By any reckoning, Environment Minister Greg Hunt's positioning at the start of the Paris climate change conference is hard to swallow on the vexed issue of withdrawing from fossil fuels and the misguided subsidies that help support them, writes Suzanne Harter

For Australia, the need to get away from coal regularly finds its way into the too hard basket – leaving us with one of the world's most pollution-intensive energy sectors and an economy that is rapidly falling behind as the world commits to a decarbonised future.

Australia's political leaders act as though they are permanently shackled to coal, when really, Australia has other excellent options including some of the best solar and wind resources in the world.  This connection to coal becomes less surprising considering the Minerals Council influence on government, including the Minerals Council of Australia chief executive Brendan Pearson reportedly attending a backbench policy committee meeting on the issue earlier this week.

What we need, and what has again revealed itself in Paris, is leadership that understands how critical it is to unshackle Australia immediately from coal and grab hold of the energy transformation that is speeding ahead globally. 

What we need, and what has again revealed itself in Paris, is leadership that understands how critical it is to unshackle Australia immediately from coal and grab hold of the energy transformation that is speeding ahead globally.

However, that's not what we are seeing. Speaking at an OECD side event on different governments' climate policies, Mr Hunt was asked why Australia was  approving massive new coalmines at a time when the rest of the world is desperately trying to move away from fossil fuels. 

"This is not an Australian government project," he responded, referring to the Indian company Adani's proposed Carmichael mine adjacent to the Great Barrier Reef.  "It is a private sector firm from India and ... I thought we were over the neo-colonial moment where the wealthy decide what happens to the poor."
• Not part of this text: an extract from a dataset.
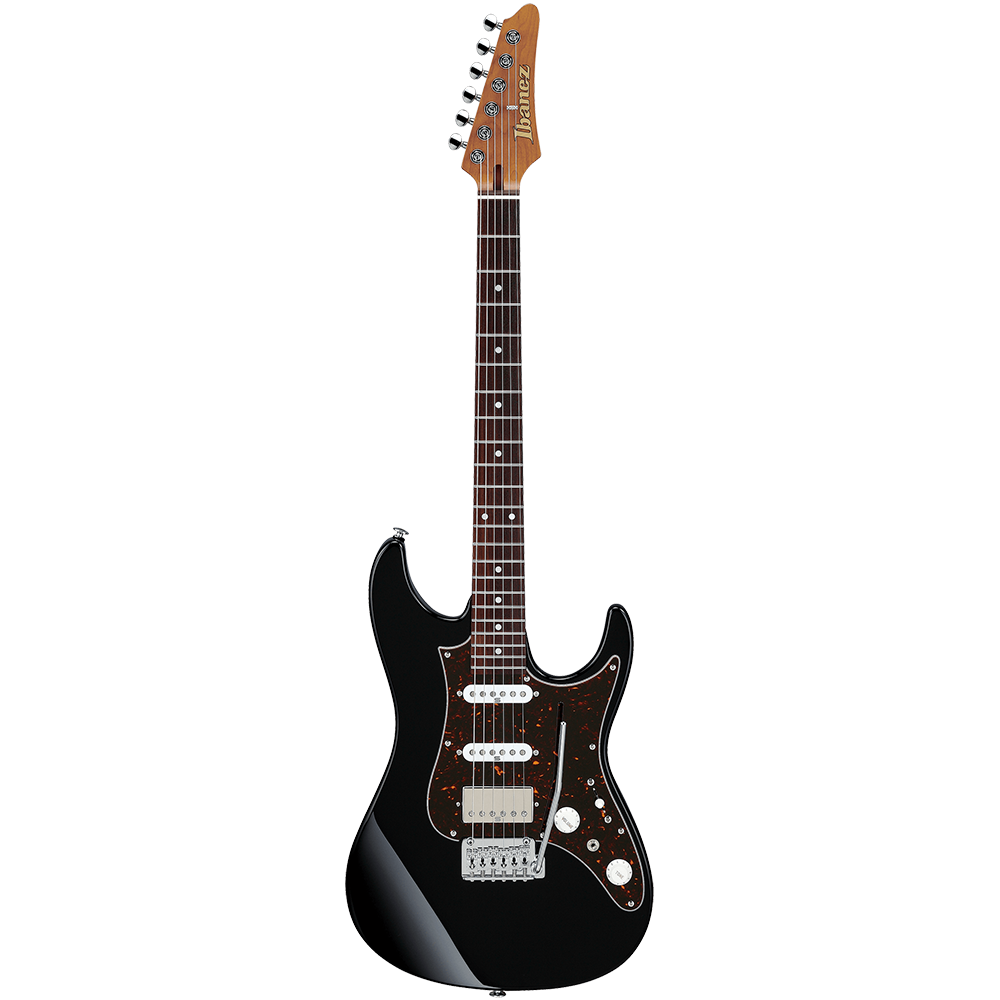 Ibanez AZ Prestige Series AZ2204N Electric Guitar W/Case – Music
According to this rhetorical sophistry the Australian government is being guided by altruism and wanting to give India's poor a fair go.  Somehow Australia has an obligation to provide India with our coal so that poor people in India that are currently without electricity can have a better life.  But this reasoning is flawed on many levels. 

Is it possible that  Mr Hunt truly believes it would be neo-colonial of us to not supply dirty dangerous energy to our neighbours at a time of dangerous climate change – even when their own governments are trying to shift to a clean energy future?

While Mr  Hunt was making his neo-colonial flourish and defending the massive Carmichael coalmine which, if built, could help derail global efforts to keep global warming below 2 degrees, India's Prime Minister Narendra Modi and French President Francois Hollande were launching a massive international solar alliance to expand energy access and accelerate solar power deployment backed by $1 trillion in investment and more than 100 nations. 

The call to move away from fossil fuels in Paris is not coming from radical fringe groups – it has most recently been supported by UN Climate Change head Christiana Figueres and New Zealand Prime Minister John Key. They agreed to support reform of fossil fuel subsidies on the first day of the Paris summit – a deal that Australia ultimately refused to sign.

The call to move away from fossil fuels in Paris is not coming from radical fringe groups

 Prime Minister Malcolm Turnbull was actively encouraged by other national leaders to sign a "fossil fuel subsidy reform communique" as part of the international effort to keep the increase in global warming under 2 degrees Celsius. The reasons this is important are clear – globally there is a recognition that we need to stop subsidising big polluters to pollute.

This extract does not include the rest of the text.